Progress reports for this project:

[1] June 4th, 2011 [2] June 19th, 2011

(Proposal has been updated on April 6th)

Project Proposal

Technical skills (with development experience):

In Debian Pure Blends, the performance of teams was measured on the basis of postings on relevant mailing lists as well as inspecting the package uploads which are recorded in the Ultimate Debian Database. The information gathered received positive feedback both from Blends and pure packaging teams. Andreas wrote the initial code, which is a mixture of Perl and shell scripts. You can checkout a version from [2].

With this project, we intend to completely replace the older code, using existing tools to achieve our task or writing our implementation in Python where required. The aim is to make it more flexible, maintainable and include additional resources that will help in measuring performance.

This project is divided into four parts:

1. List Statistics

This will involve parsing the mailing list to identify the most active contributors. The conventional approach was to download the mailing list archive pages and then parse the HTML. In this project, instead of doing that, we will be parsing the mbox archives [3]. This new approach will be faster and the output will be more precise as mbox is standardized format for holding collections of messages.

This phase will be undertaken in namely four steps:

  1. Fetch the archive in mbox format from the given mailing list,
  2. Parse the mbox archive,
  3. Save the information in a database,
  4. Create graphs that show the top n posters every month.

The current list statistics which were generated by the code Andreas wrote are available at [4]. You can have a look to get an idea of what at we are aiming at. With this project, we will improve the flexibility and accuracy of this approach. For the purpose of this task, we will be using: ?MailListStat [5]. The data gathered will then be used to generate the graphs.

2. Most Active Uploaders

Under this, the most active uploaders within a team are measured; this data is available from the Ultimate Debian Database [6]. We will fetch the information from UDD and then generate graphs from that. It will be investigated during this phase to see whether it is possible to obtain data about bugs fixed by team members from UDD or BTS. This is still under discussion and if it is required, it can be easily implemented within a week. This will be implemented in Python.

3. Commit Details

For measuring the performance using commits, we decided on two factors:

We believe that no single metric is complete. The number of commits cannot be an absolute measure of productivity and neither can the total number of lines committed. Because of this, we have decided to include both of them. To estimate Git repositories, we have decided on using ?GitStats [7], which serves our purpose well. However, for parsing the commits from SVN repositories, we will be writing our own implementation. This is because the standard tools available which can do this don't fit our requirements.

4. Data Presentation

After the information has been gathered, we will be working on making it easily accessible.

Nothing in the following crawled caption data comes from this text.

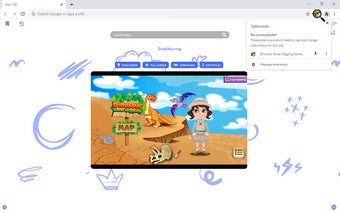 Dinosaur Bone Digging Game New Tab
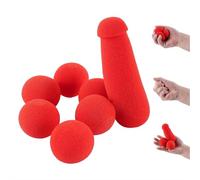 Banana Prank Sponge - Puntelli magici con palline di spugna rosse, giocattolo magico morbido deformabile per artisti di strada e maghi, espediente portatile da palco, amatoriale e uso professionale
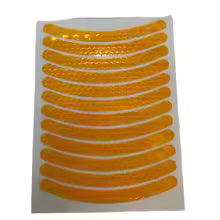 12Pcs/set Car Wheel Stripe Reflective Stickers Night Reflectors Adhesive Safety Decoration Waterproof Tapes For Bicycles Helmet  (Available)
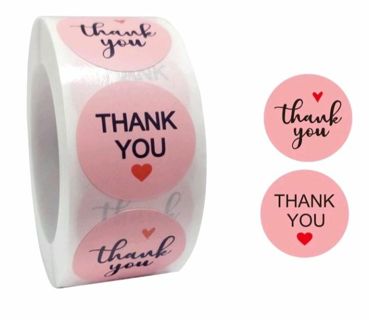 NEW⭐SPECIAL⭐(50) THANK YOU STICKERS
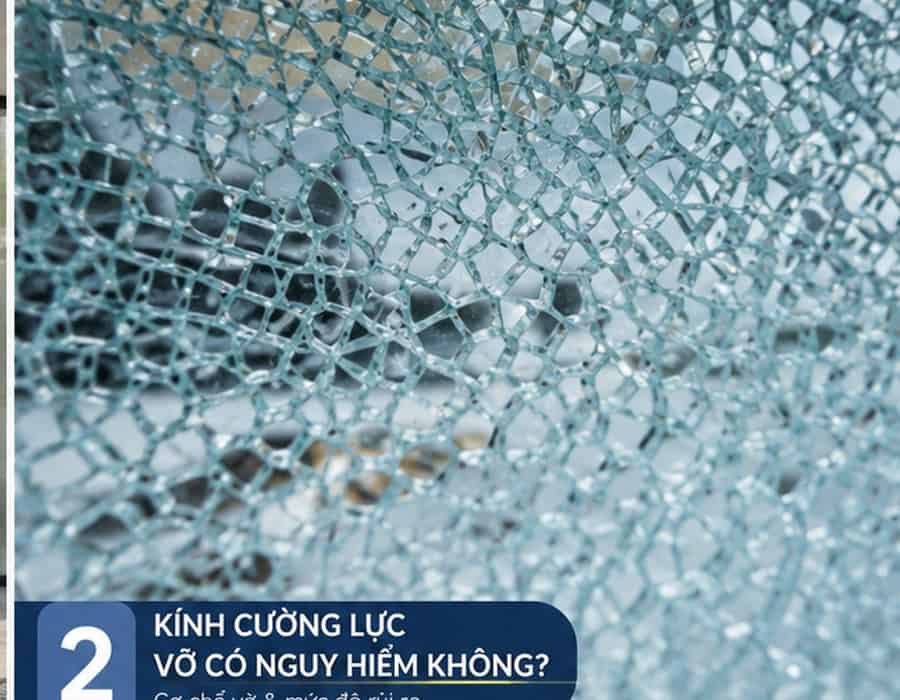 Cửa kính cường lực có an toàn không? Đánh giá đúng theo từng rủi ro 7 Kính cường lực vỡ có an toàn không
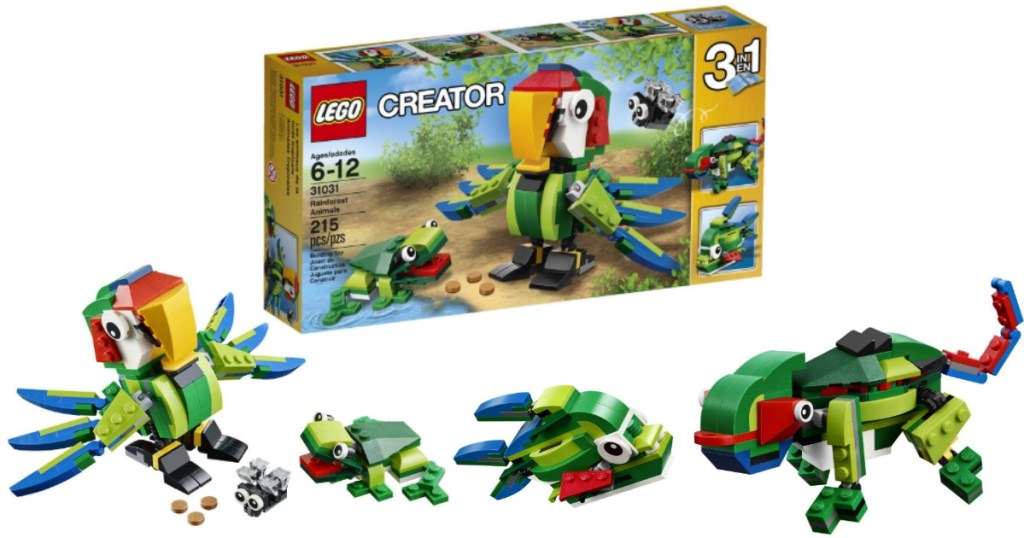 LEGO Creator Rainforest Animals Set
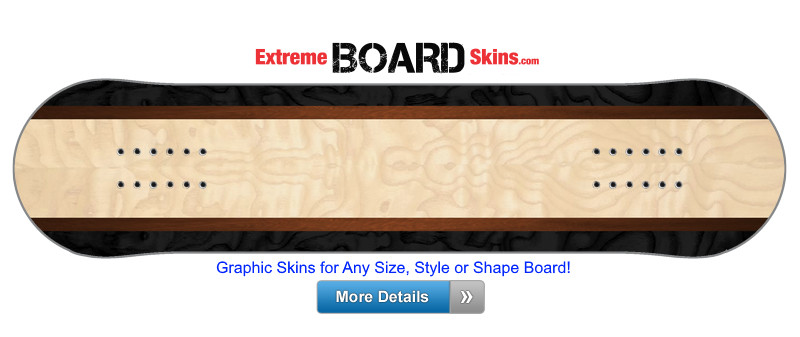 Buy Board Skin Woodgrain Black Board Skin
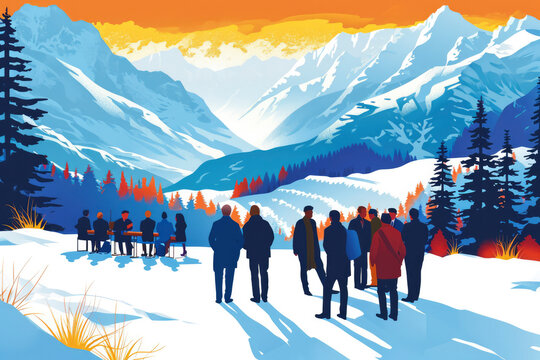 Annual Meeting in Davos: The annual meeting in Davos is one of the most well-known gatherings, attracting leaders from government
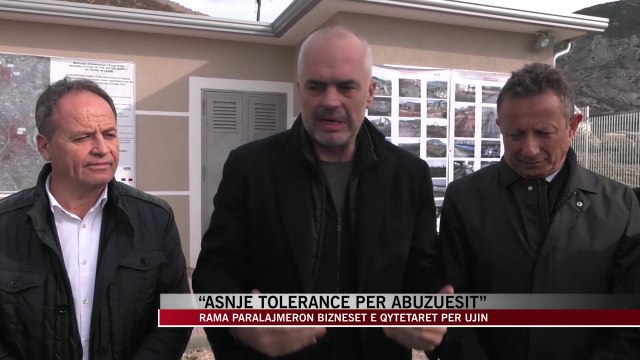 Rama nga Lezha paralajmëron bizneset e qytetarët për ujin - News, Lajme - Vizion Plus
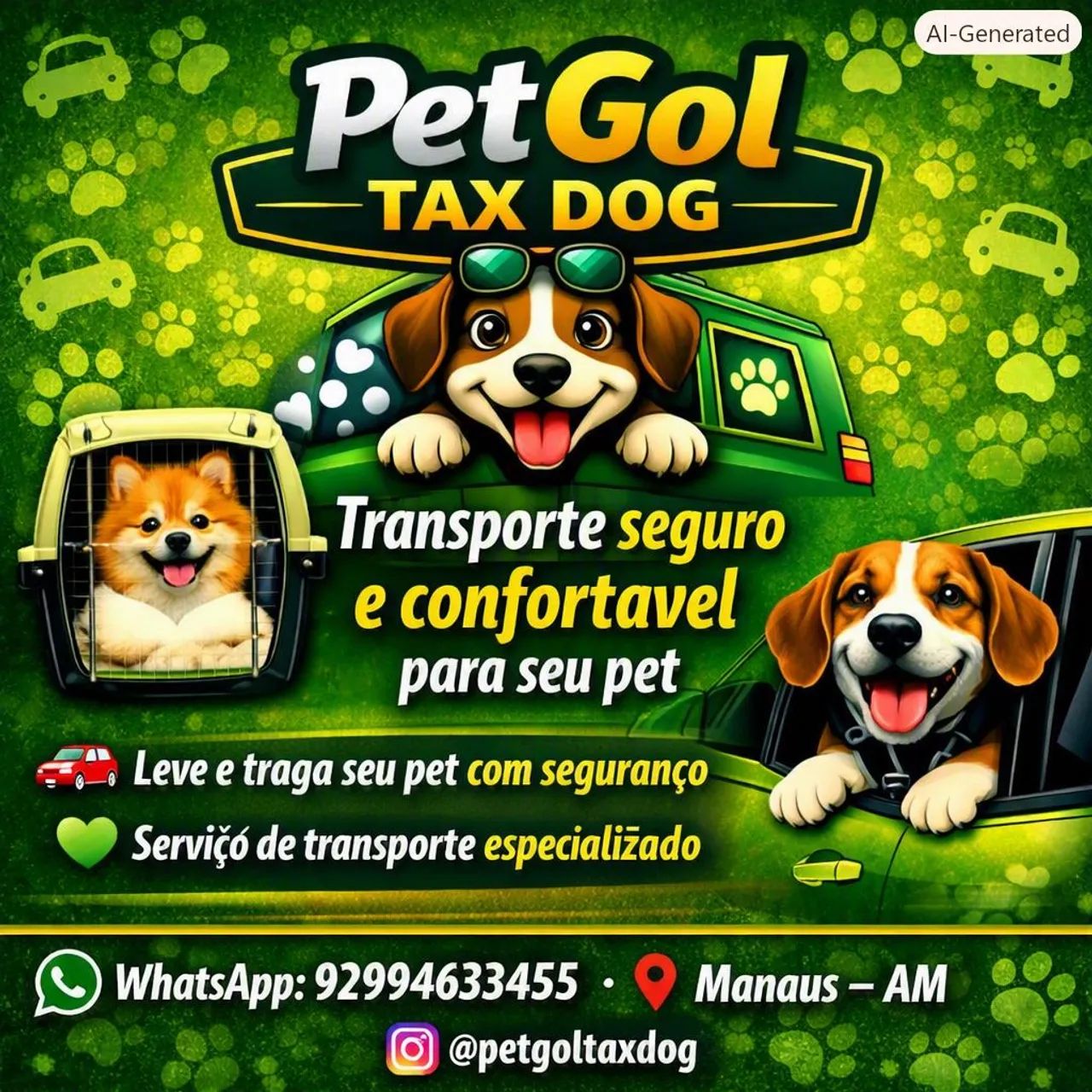 Serviço de transporte pet personalizado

Other than generating graphs from phase (1), (2) and (3), we will be making our data available in form of JSON [8]. This is because not only JSON integrates well with Python, but it is easy to learn and has bindings for large number of languages.

The final phase will be a web interface that allows anyone to easily access the information. This will allow dynamic generation of data; something on the lines of Debian Popularity Contest [9]. Note that this is easier than it sounds; the data is ready, we just have to give it an interface through which it can be accessed.

There will still be many technicalities involved at this stage. For example, in the case of list statistics, a mailing list has several user names for the same person. To get a real team performance, this name matching is quite important and the tool which we are using for this job has no such feature [4]. This will involve patching it or writing our own implementation if required.

Please note that this is a tentative timeline and as expected, can change when actual development takes place.

Community Bonding Period : I am already familiar with my mentors! I will use this period to further improve and analyze the design of the project. If there is one thing that I learnt the most from last year's GSoC, it's that a robust design is quintessential.

May 23th - 15th June : Initial coding, set up the infrastructure by gathering the required statistics and implement a very basic model of the website (presentation).

16th June - 25th June : Fetch the active uploaders list from the UDD by writing a script to do that. Hopefully, integrate the bug details as well.

26th June - 11th July : Feedback campaign across Debian, compiling user feedback on IRC, mailing lists and patching the basic website. Work on improving the data gathered.

11th July - 15th July : Mid-term evaluations! Review the old code and confirm that everything is working fine.

I really want to attend DebConf11 in Banja Luka. It would be awesome to meet my mentors and other community members in person! If this happens, I will adjust my schedule accordingly.

16th July - 15th August : Implement the presentation layers and complete the website that will present the data.

16th August - 22nd August : Improve code, check for bugs and write documentation.

With the updated proposal, we will be spending more time working on a polished interface and documentation and less time on implementing the tools, as suggested by Marc Brockschmidt. Also, a substantital part of our time will be spent on making these tools/ our implementations work for our specific case.